Hated the movie ... but LOVE your masks!


----------



## Robocop (Sep 24, 2008)

Dark lord said:


> Love the evil klowns !!!!!!! love Killer klowns from outer space movie, those are my next in my things/masks to collect,
> however even though they are not related in the movie, i would have to add "IT" klown mask.........
> a distant cousin for these guys..LOL Great addition to your clown theme !! ( jealous  )
> ( He got evil klowns,i wanna have the evil klowns toooooooooooooo....LOL )
> ...



Ya chuck and his company are notorious for having bad communication skills. They never answer phones or e mails. I think since they got in bed with morris costumes/distributing there not worried about regular customers. 

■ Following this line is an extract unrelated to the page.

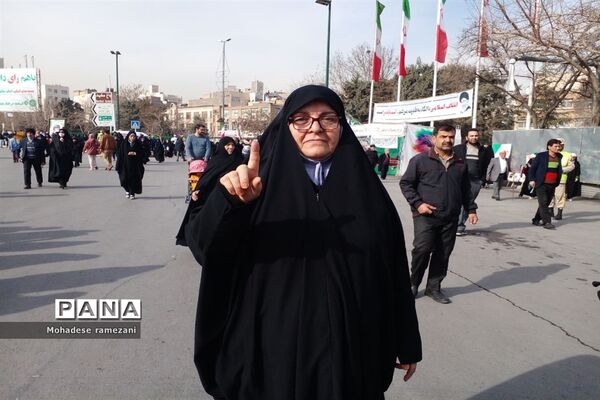 راهپیمایی ۲۲ بهمن در مشهد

They seem to want to just keep those wholesale orders coming inn. They used to have better production quality until the moved there manufacturing to china. I heard he was telling people that the pieces he had on display at the last transworld were actual production line peices from chine. I wasn't there to hear his say that but if he did he had to be lying because there is no way production pieces are going to look as good as the ones he had there. None of mine did. Heres a pic












Don't get me wrong i love the stuff he putts out but theres no quality control. I had to do alot of paint and hair work on most of my klowns to get them to look as good as they do. Some of them had very sloppy and smeared paint and bad hair work. Slim required the most. I had to use small wooden dowels and glue to make his hair sprouts stand up like there supposed to.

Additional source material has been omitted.